At some point, Jesus is looking for his mother and upset with his father. In the background deep voices murmur mockingly. And Jesus is thirsty. Then there it is, right around the 2:35 mark. Menja Monster, Menja Monster, Menja Monster, Menja Monster. At least this is what my impressionable ears heard. If you listen for it, really hard, you will hear it, too. I would hear the squeal of the soundtrack as the sound the Menja Monster made.
So as I understood it, Jesus was being done in by the Menja Monster. And it was now in my house.
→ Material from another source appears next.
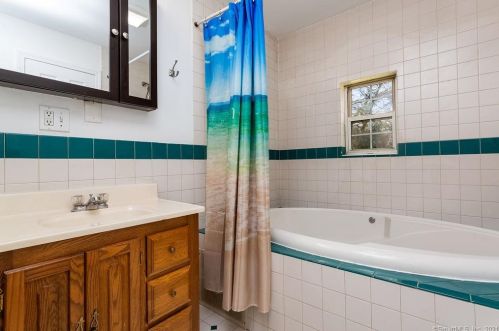 37 Candle Hill Rd, Danbury CT  06812-2409 exterior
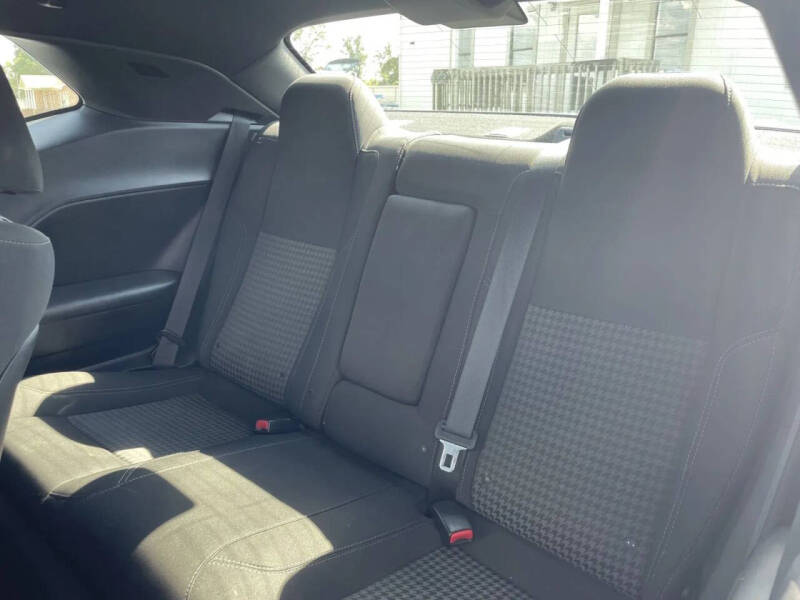 2019 Dodge Challenger SXT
It hides in the laundry room in the basement, back near the furnace next to where my mom keeps the 16-ounce returnable bottles of Coca Cola. But I am safe when the laundry room door is closed or someone else is home. It only comes out if the door is open and someone turns the lights off before I can get up the stairs. I never turn the lights off until I get to the stairs.
Not a lot of people have seen the Menja Monster, but I have. It’s big and hairy and looks sort of like a character from Where the Wild Things Are with hair the color of Dr. Zaius. You can see it in that brief instant between when the lights are on and when it changes to darkness.
One time, I turned off the lights at the other switch — the one outside the laundry room door — when I heard it rustling behind the door. I took off for the stairs. I could feel it closing in. Menja Monster, Menja Monster.
I got to the switch by the stairs in time and flicked on the light to neutralize the Menja Monster. In a blink it was gone.
I bounded up the steps only to realize that I couldn’t leave the lights on or I would get yelled at. My dad was an electrician. I used to think he took it personally if I wasted electricity. I took two steps down and stretched my arm the rest of the way to flip the switch to off.
Later that year, my brother would turn me on to Black Sabbath.
To this day, when no one is home, I will still turn on all the lights when I am in my own basement. No need to take chances.